The S&P 500 was 0.1% higher in afternoon trading, sitting a bit below its all-time high set two weeks ago. The Dow Jones Industrial Average was down 62 points, or 0.2%, as of 12:56 p.m. Eastern time, and the Nasdaq composite was adding 0.3% to its record set a day earlier.
Tesla jumped 8.8% to help lead the market after the electric-vehicle maker reported a milder drop in sales for the spring than analysts expected.
But losses for some big, influential stocks were offseting that leap. Nvidia, which has become the poster child of the rush into artificial-intelligence technology, fell 1.1% and was the heaviest weight on the S&P 500. Eli Lily dropped 1.8% after President Joe Biden said in an opinion piece for USA Today that the company is charging “unconscionably high prices” for its treatment for weight loss and diabetes.

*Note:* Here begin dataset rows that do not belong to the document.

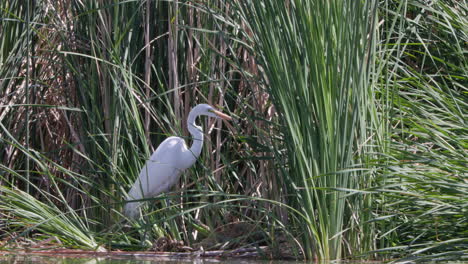 A-great-egret-wading-along-the-edge-of-the-water-hunting-for-food---isolated-slow-motion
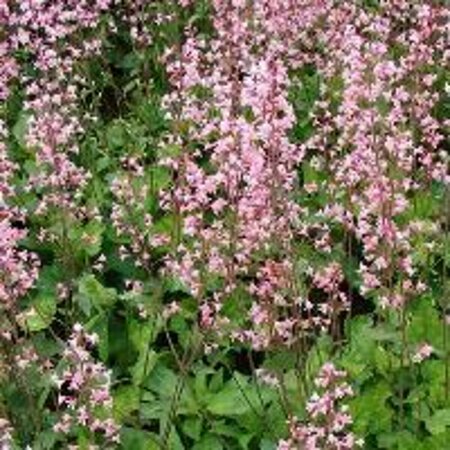 Heucherella alba 'Bridget Bloom' P9 - afbeelding 6
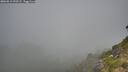 ./images/calvert/foggy-cove/20260812/foggy-cove20260812_090501M.jpg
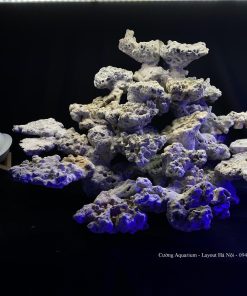 MÃ 82 - LAYOUT CÁ CẢNH BIỂN BỂ 3 MẶT 60CM - ROYALAQUA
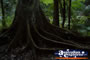 Springbrook Walk - Gold Coast Hinterland . . . CLICK TO ENLARGE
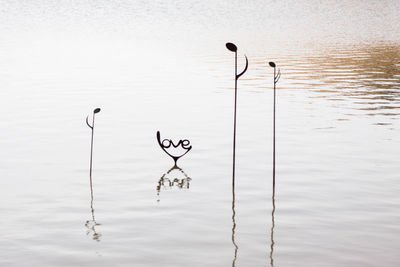 Love metallic sign in water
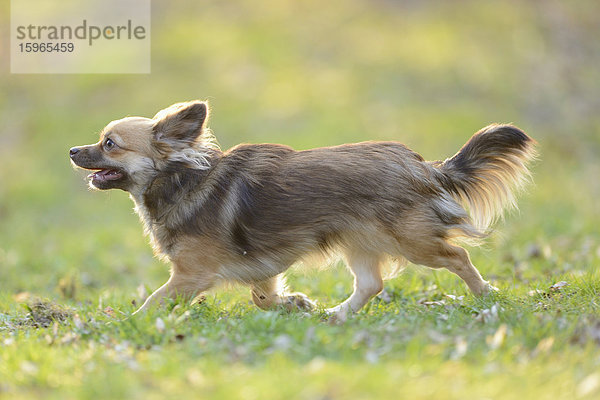 Chihuahua im Garten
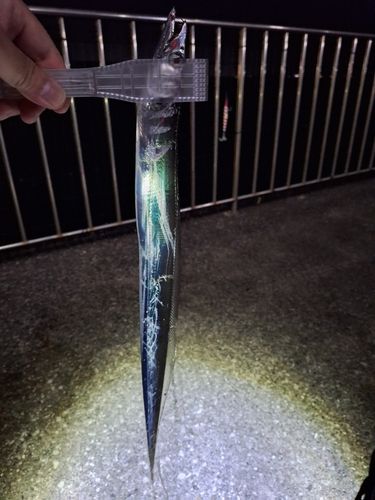 タチウオの釣果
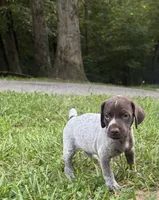 Girl 5, a female German Shorthaired Pointer for sale in Warne, NC – 4 of 10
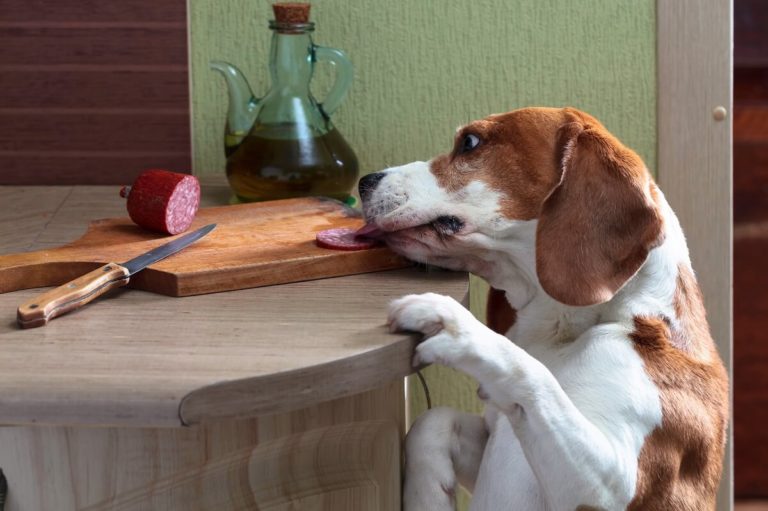 Von wegen Allesfresser Diese Lebensmittel sind für Hunde Tabu!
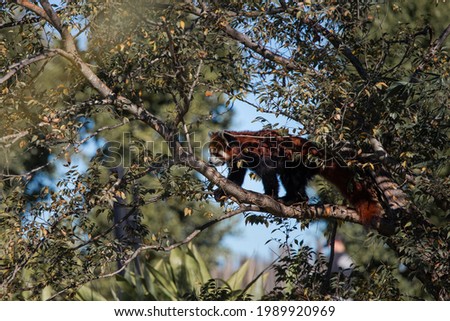 A red panda walking on the tree.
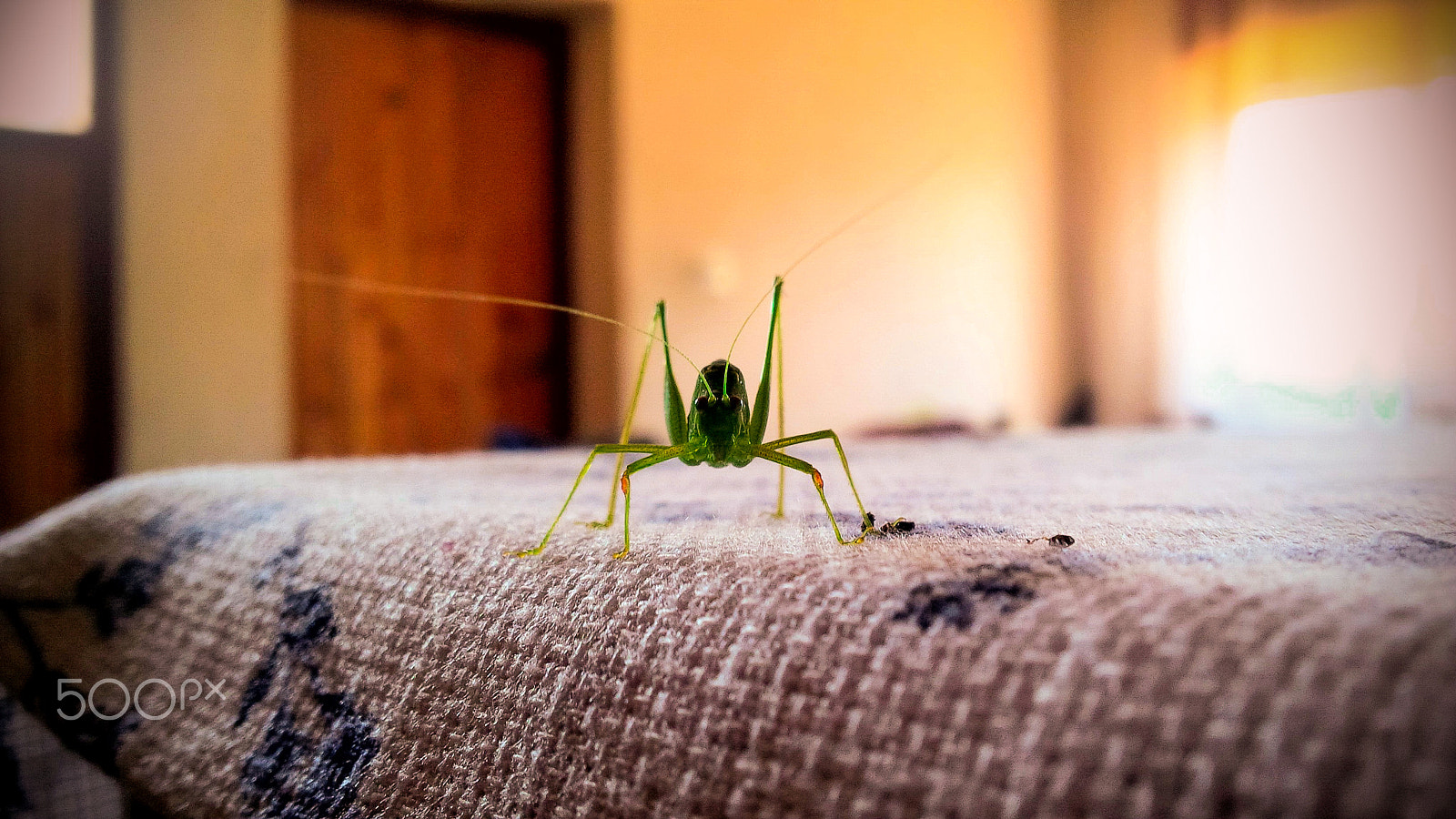 BlackBerry Z10 sample photo. One hop, two hops photography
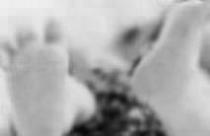 邵禹童男孩姓名综合推荐为79分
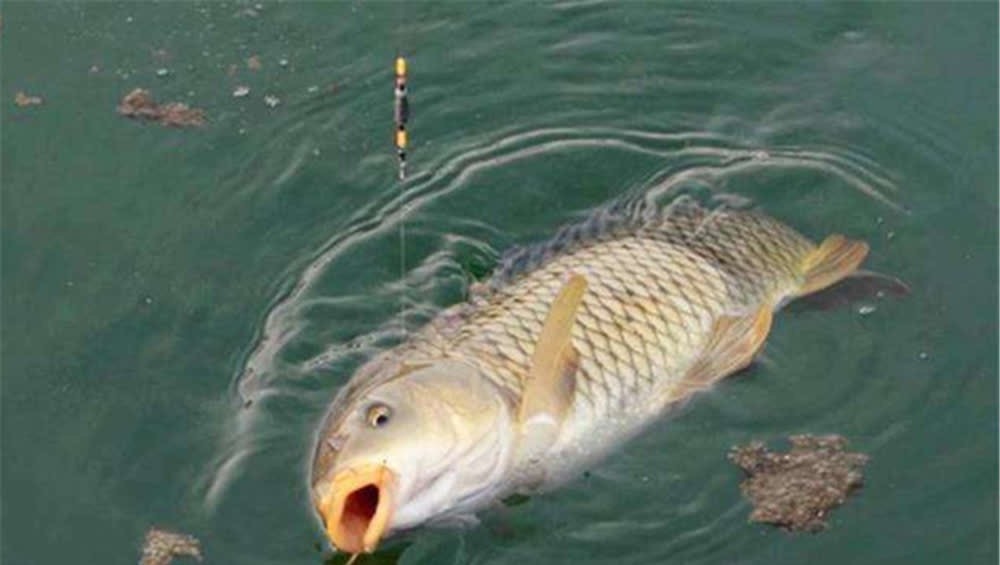 鲤鱼咬钩的经典漂相,出现这些漂相时,心跳加速,一定是大鲤鱼!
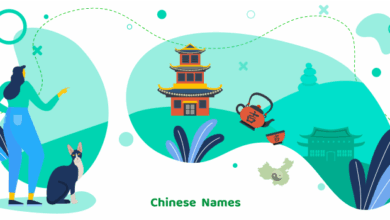 A Fun Chinese Guide for Naming Cats, Dogs, Birds, and More!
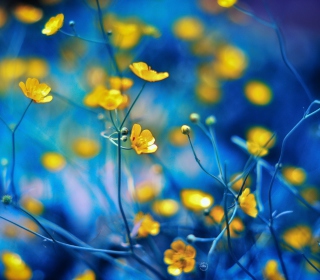 Kostenloses Spring Yellow Flowers Blue Bokeh Wallpaper für iPad Air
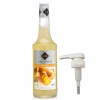 Sirup RIOBA na nápoje IMBIR 0,7 l + Pumpička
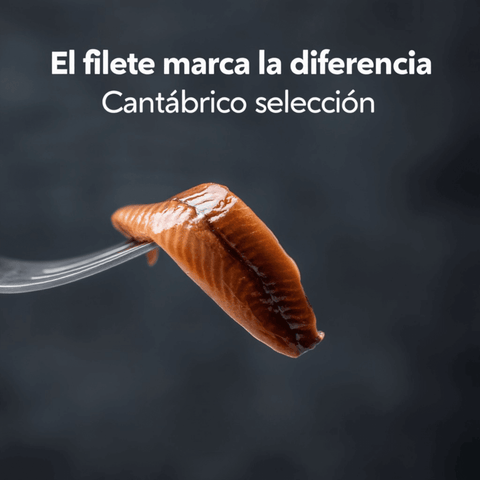 Anchoas del Cantábrico 00 Selección 35 filetes – Bacalalo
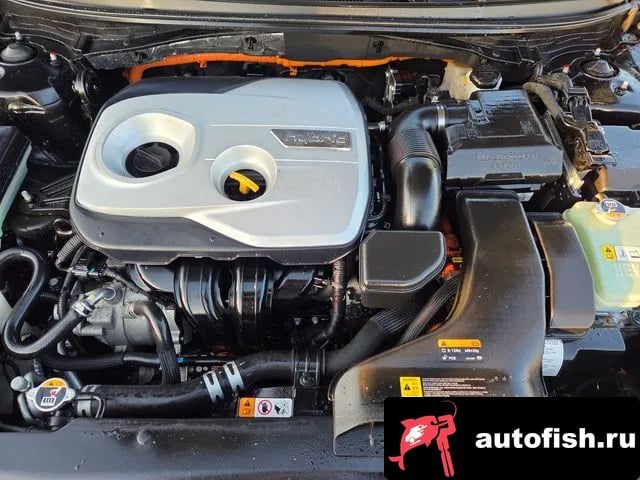 Hyundai Sonata Sonata New Rise Hybrid 2019 года - вид 6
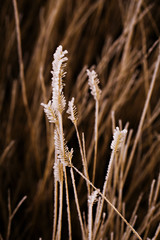Macro of frost on wheat field
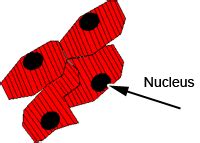 Muscle: The Histology Guide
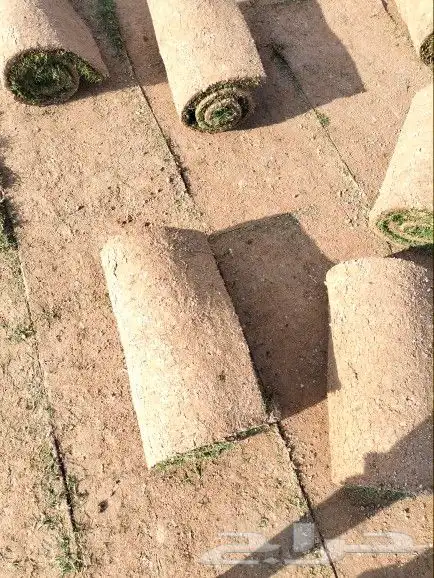جميع انواع الثيل 2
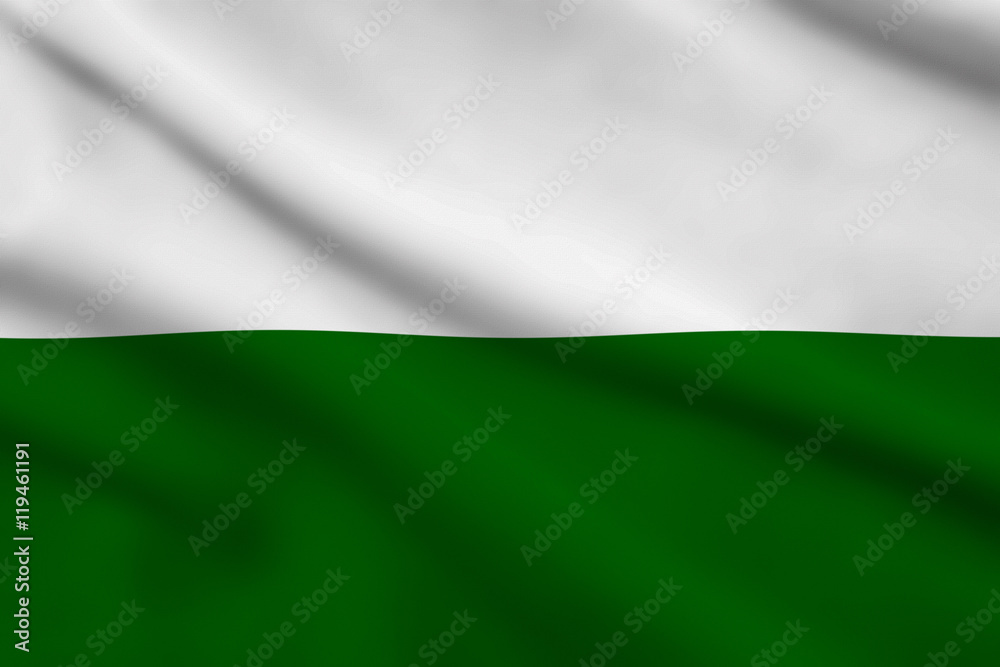 Fototapeta premium Flag of Saxony, Germany OR Styria, Austria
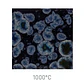 Jungle Gems 786 - Obsidian 118 ml - Thumbnail 1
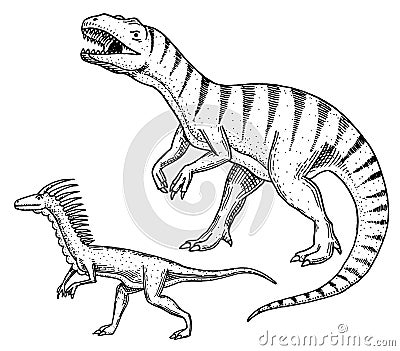 Dinosaurs Tyrannosaurus rex, Velociraptor, Ceratosaurus, Afrovenator, Megalosaurus, Tarbosaurus, Struthiomimus skeletons Vector Illustration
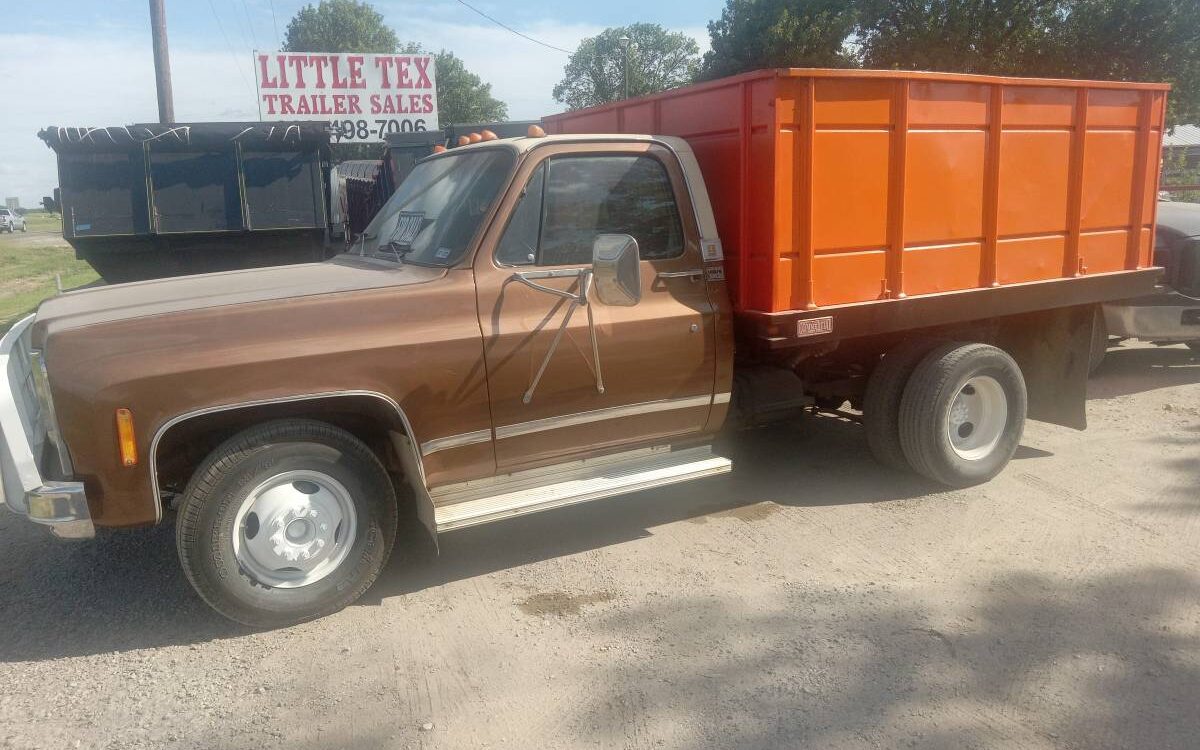 Chevrolet-Silverado-1979-6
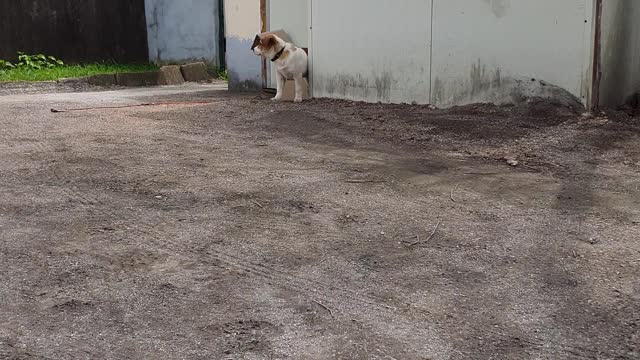 I'm calling a cute puppy.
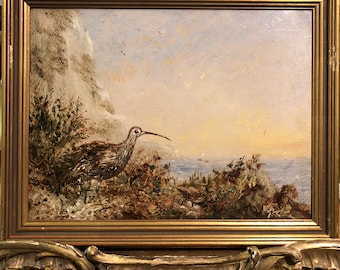 FINE ORNITHOLOGY PIECE Small Antique 19th Century  British old master oil painting in a Gold Gilt Frame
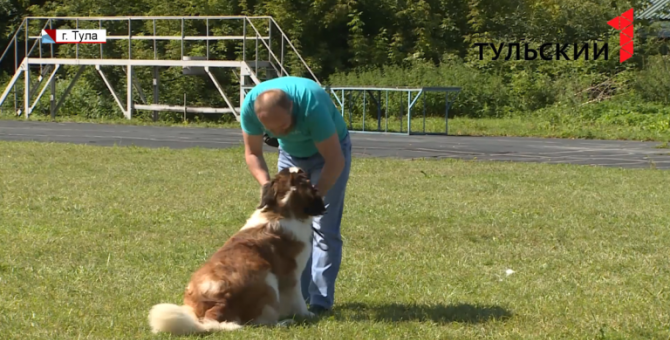 Собаки родом из Мексики, Италии и Японии собрались на выставке в Туле 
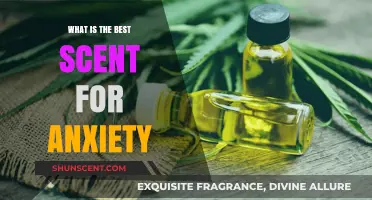 Calming Aromas: Discover the Best Scents to Ease Anxiety Naturally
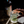 Load image into Gallery viewer, Añejo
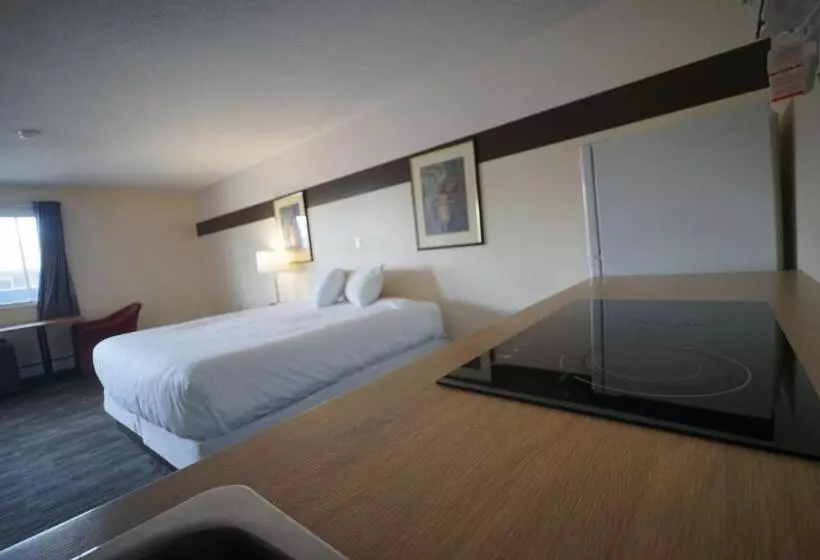 Cameră Superioară Single, Superlodge Canada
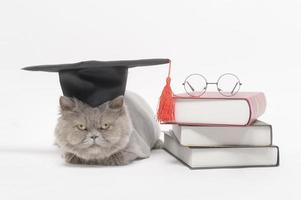 A Portrait of Scottish fold lovely cat with text back on white studio background , Education concept . photo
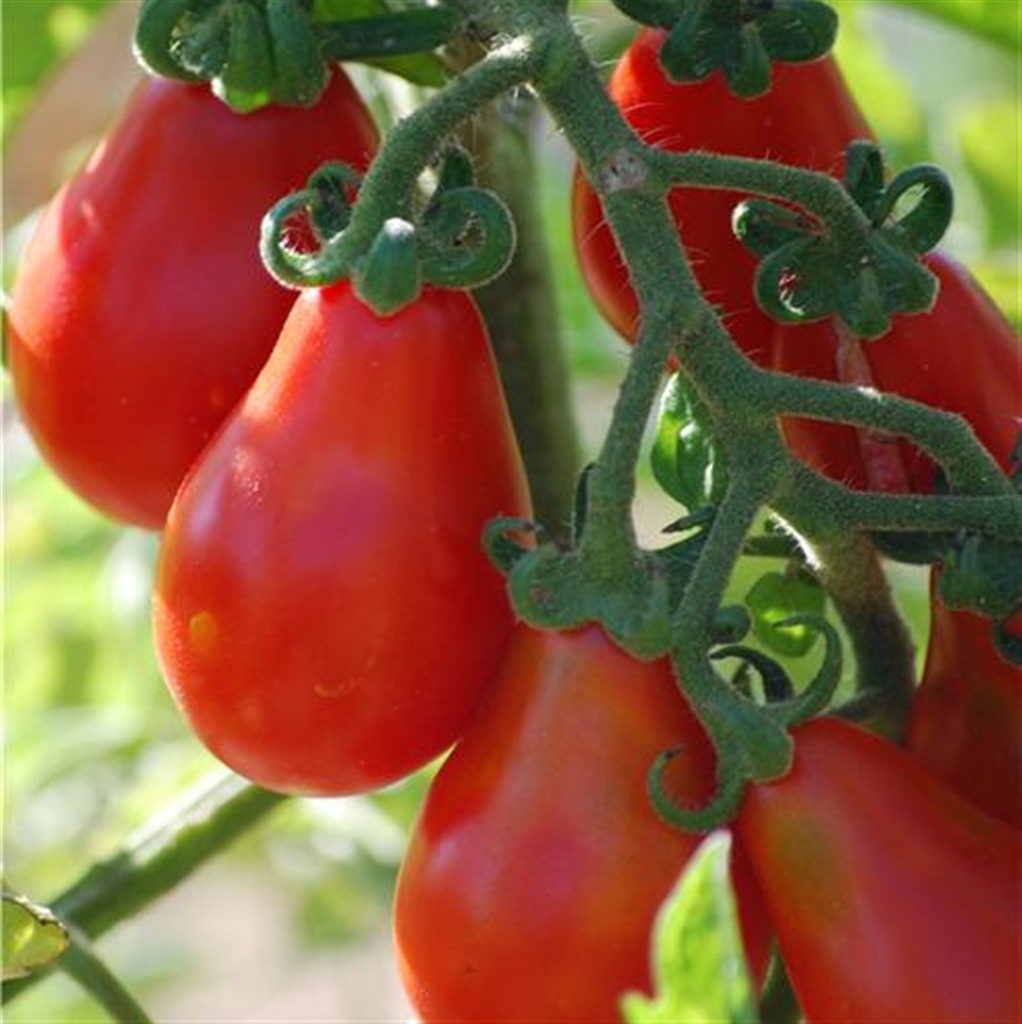 Tomate 'Red Pear'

In the bond market, Treasury yields eased after investors took comments from the head of the Federal Reserve as a signal that it may deliver cuts to interest rates later this year. Fed Chair Jerome Powell, whose utterances are always finely parsed for hints about rates, gave a nod to improvements in inflation data after some disappointingly high readings early in the year.
“We just want to understand that the levels that we’re seeing are a true reading of underlying inflation,” he said.
The hope on Wall Street is that inflation will slow enough to get the Fed to pull down its main interest rate, which has been sitting at its highest level in more than two decades and pressing the brakes on the economy. Treasury yields have been easing since April on strengthening hopes for just that.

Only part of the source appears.